### RECORDS TO PROCESS
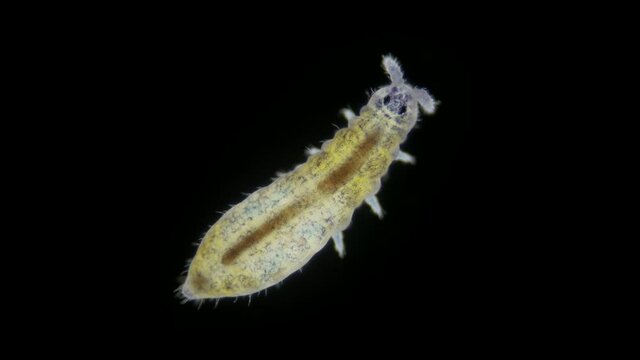 Collembola insect under the microscope, Order Poduromorpha.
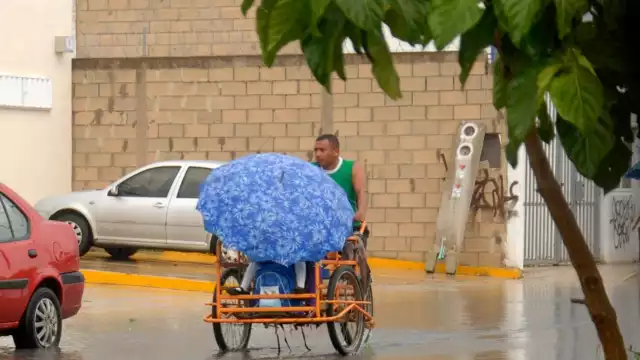 Foto: Mario Rodríguez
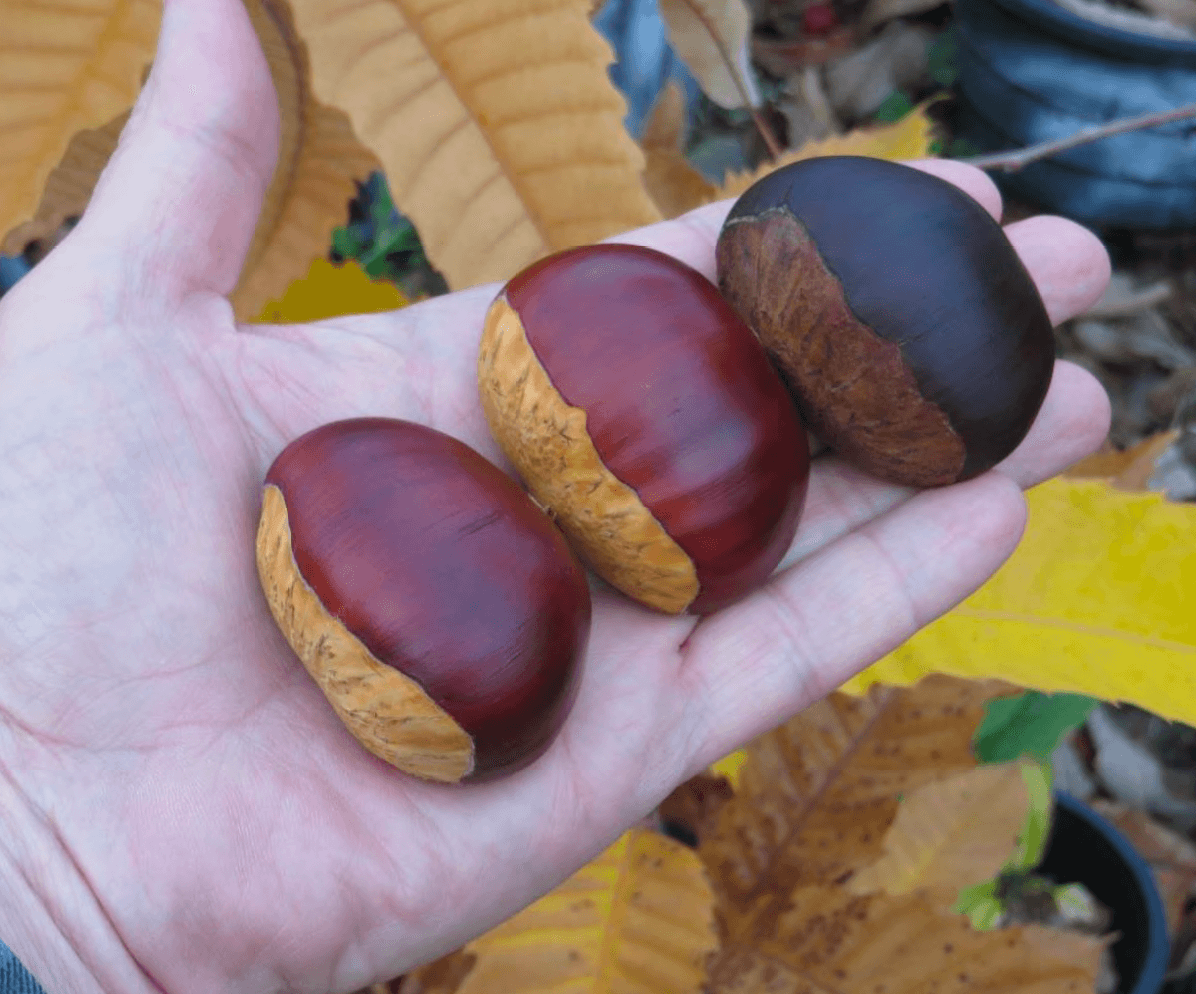 Tissue Culture Gillet Chestnut Trees - West Coast Chestnut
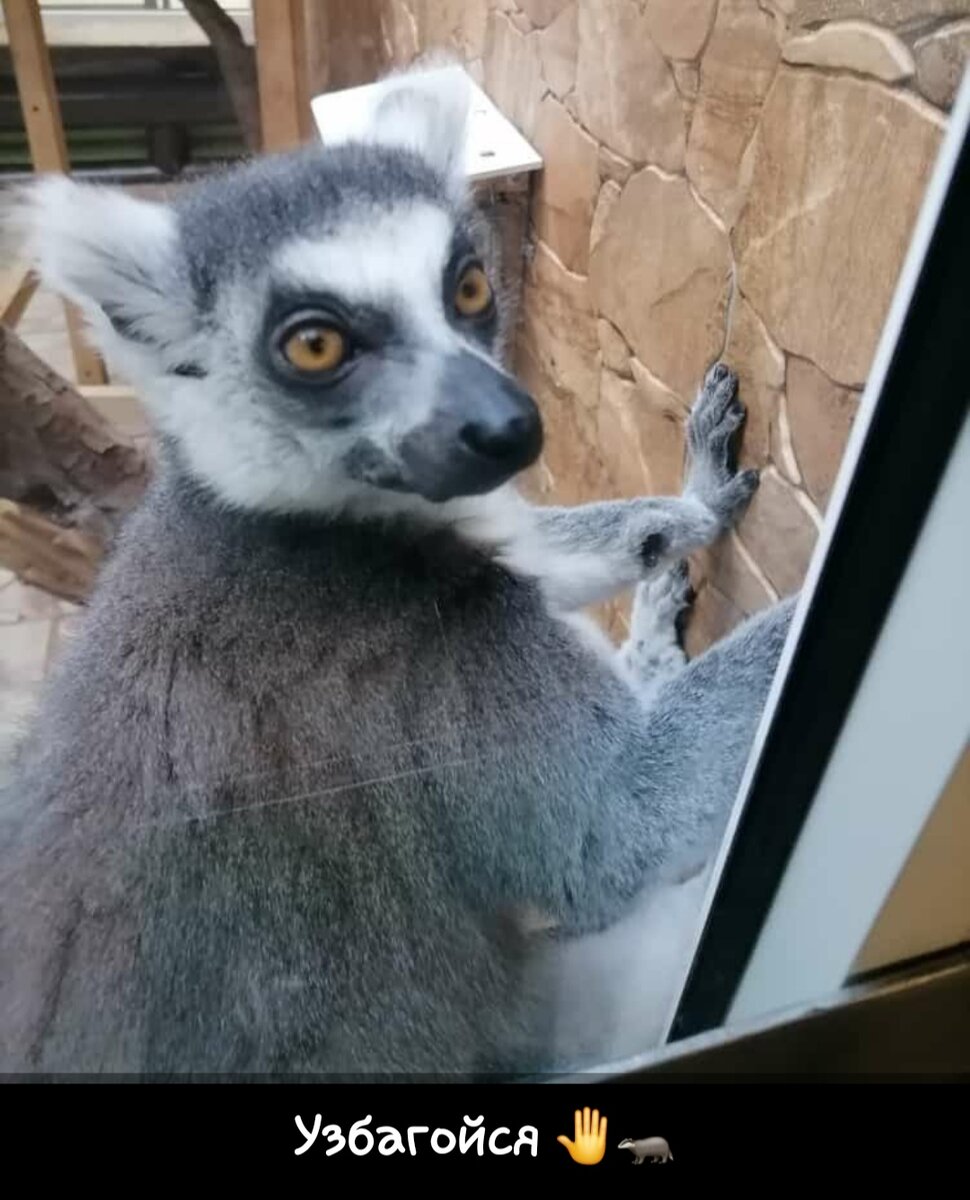 Я спокойна, я довлю Дзен😅. Мои фото
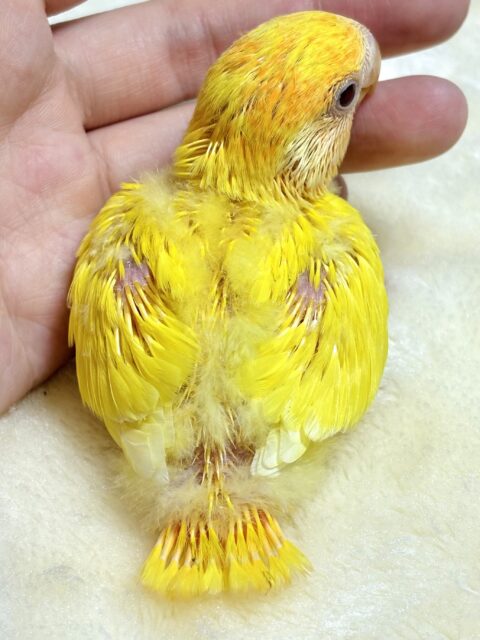 コザクラインコ（小桜インコ）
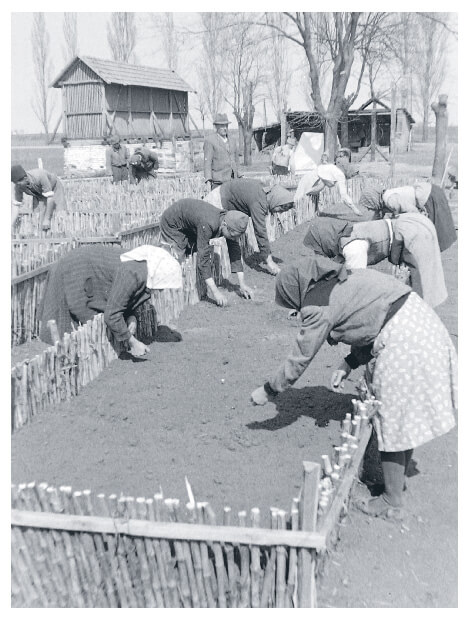 Collective farmworkers in Hungary in 1950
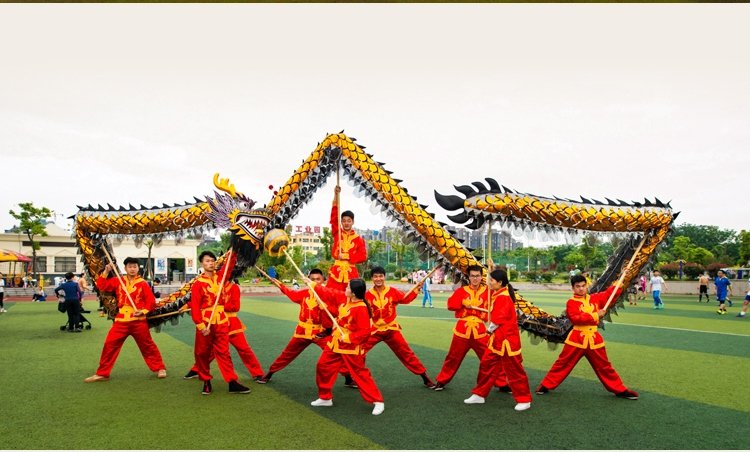 Fancy 7m Length sz5 black golden 6 student Chinese DRAGON DANCE mascot ...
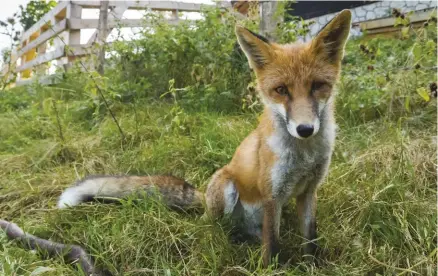  ??  ?? Foxes are fast, cunning and bold, and a single fox can quickly decimate an entire flock.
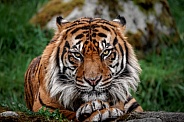Sumatran Tiger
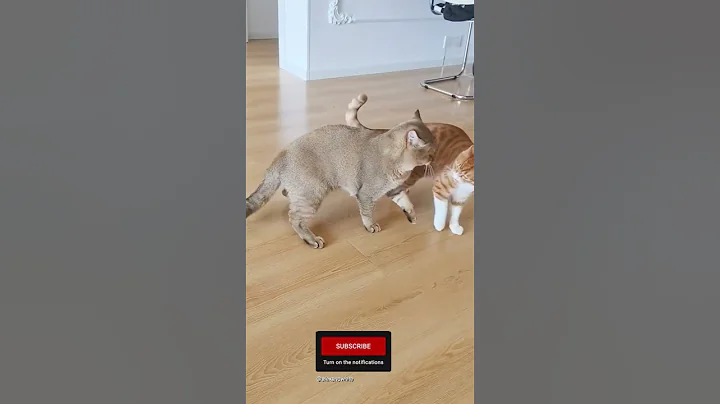 Video 11215931: cat fight funny cute, cat cute funny pet, adorable cats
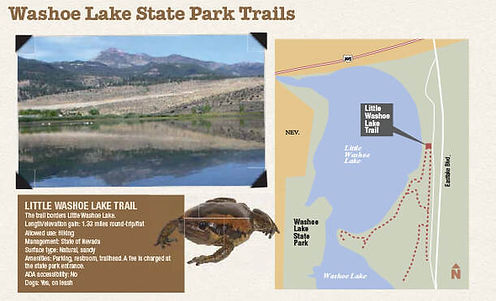 Little Washoe Lake Park Trails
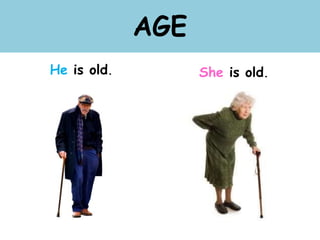 AGE
He is old. She is old.
 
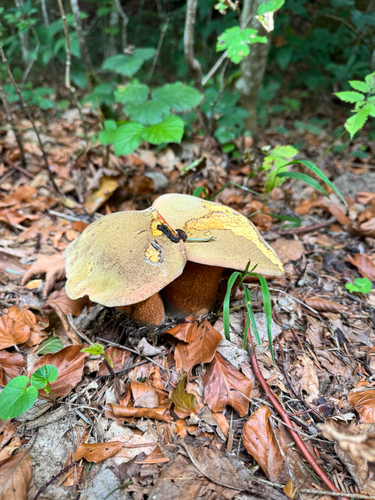 Lurid Bolete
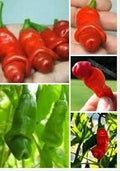 Vegetable Seeds,Garden seeds, Seeds For Planting,Plant Seeds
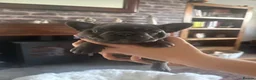 French Bulldog dogs for sale: Beautiful French bulldog pups - Advert 15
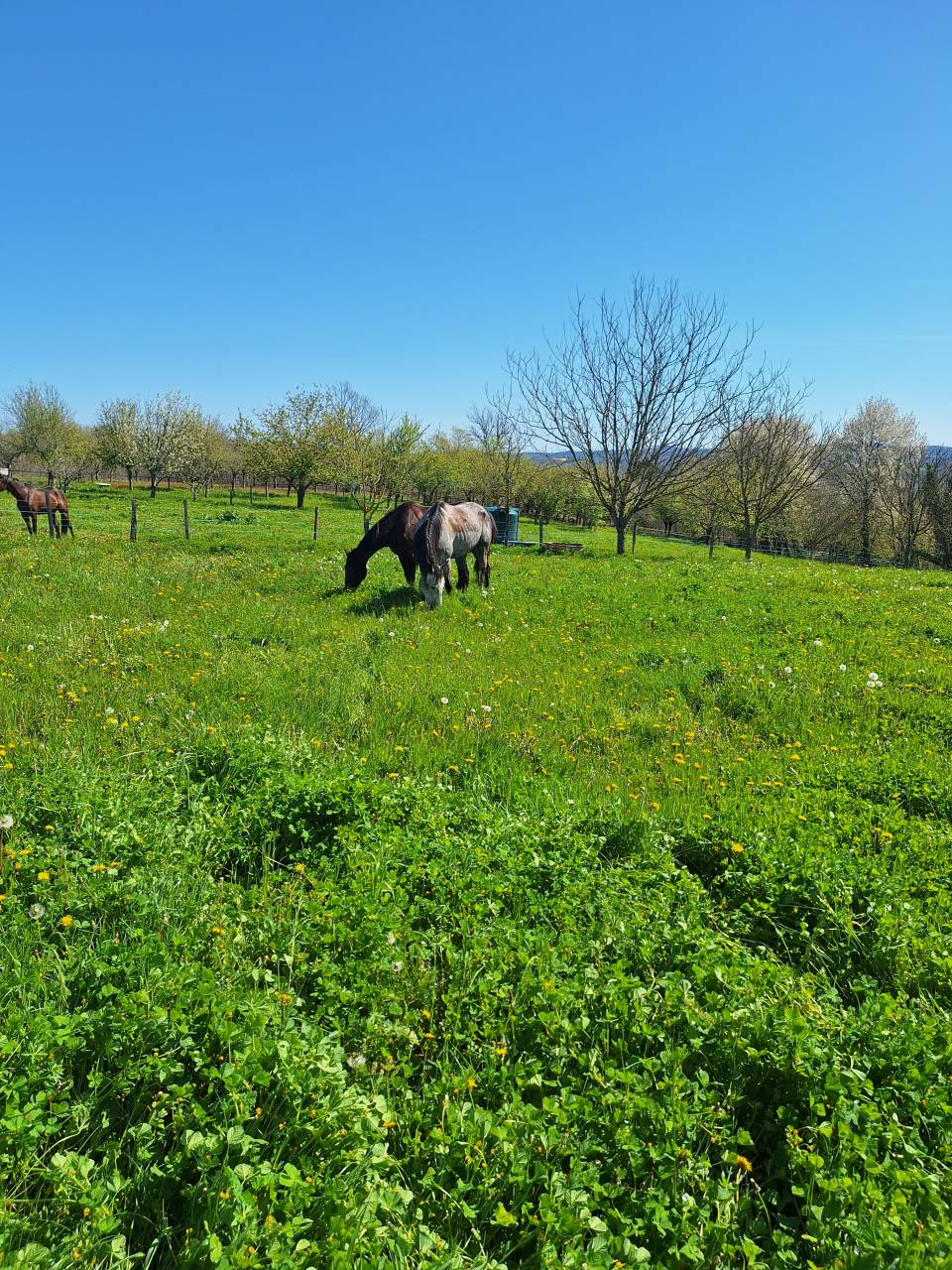 domaine a vendre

### EXERCISE BRIEF
Reproduce all lines above exactly. Leave the images out.

### RESULT OF THE EXERCISE
 Collembola insect under the microscope, Order Poduromorpha.
 Foto: Mario Rodríguez
 Tissue Culture Gillet Chestnut Trees - West Coast Chestnut
 Я спокойна, я довлю Дзен😅. Мои фото
 コザクラインコ（小桜インコ）
 Collective farmworkers in Hungary in 1950
 Fancy 7m Length sz5 black golden 6 student Chinese DRAGON DANCE mascot ...
  ??  ?? Foxes are fast, cunning and bold, and a single fox can quickly decimate an entire flock.
Sumatran Tiger
 Video 11215931: cat fight funny cute, cat cute funny pet, adorable cats
 Little Washoe Lake Park Trails
 AGE
He is old. She is old.
 
 Lurid Bolete
 Vegetable Seeds,Garden seeds, Seeds For Planting,Plant Seeds
 French Bulldog dogs for sale: Beautiful French bulldog pups - Advert 15
 domaine a vendre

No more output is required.